→ **What you need to do**
Give an exact copy of the lines of the records below, starting at the line containing "Pink Lotus Flowers" and running to the end.

→ **Data section**
***
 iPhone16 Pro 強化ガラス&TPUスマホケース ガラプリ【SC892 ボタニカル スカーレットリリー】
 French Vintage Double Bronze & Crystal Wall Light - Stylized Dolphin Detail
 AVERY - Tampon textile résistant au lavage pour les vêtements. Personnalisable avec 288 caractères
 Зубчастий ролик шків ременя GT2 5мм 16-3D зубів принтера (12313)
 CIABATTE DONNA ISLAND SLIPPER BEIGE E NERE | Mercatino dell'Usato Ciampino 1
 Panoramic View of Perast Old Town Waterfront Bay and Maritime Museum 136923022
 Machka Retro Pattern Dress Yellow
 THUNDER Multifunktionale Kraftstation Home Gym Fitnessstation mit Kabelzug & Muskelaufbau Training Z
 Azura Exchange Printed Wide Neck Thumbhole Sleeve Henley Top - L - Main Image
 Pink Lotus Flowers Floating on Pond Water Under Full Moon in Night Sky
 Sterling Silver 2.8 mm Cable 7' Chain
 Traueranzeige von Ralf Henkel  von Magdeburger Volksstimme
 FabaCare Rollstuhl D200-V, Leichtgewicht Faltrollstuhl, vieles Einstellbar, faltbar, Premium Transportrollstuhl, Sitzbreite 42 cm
***
→ **Response for this exercise**
 Pink Lotus Flowers Floating on Pond Water Under Full Moon in Night Sky
 Sterling Silver 2.8 mm Cable 7' Chain
 Traueranzeige von Ralf Henkel  von Magdeburger Volksstimme
 FabaCare Rollstuhl D200-V, Leichtgewicht Faltrollstuhl, vieles Einstellbar, faltbar, Premium Transportrollstuhl, Sitzbreite 42 cm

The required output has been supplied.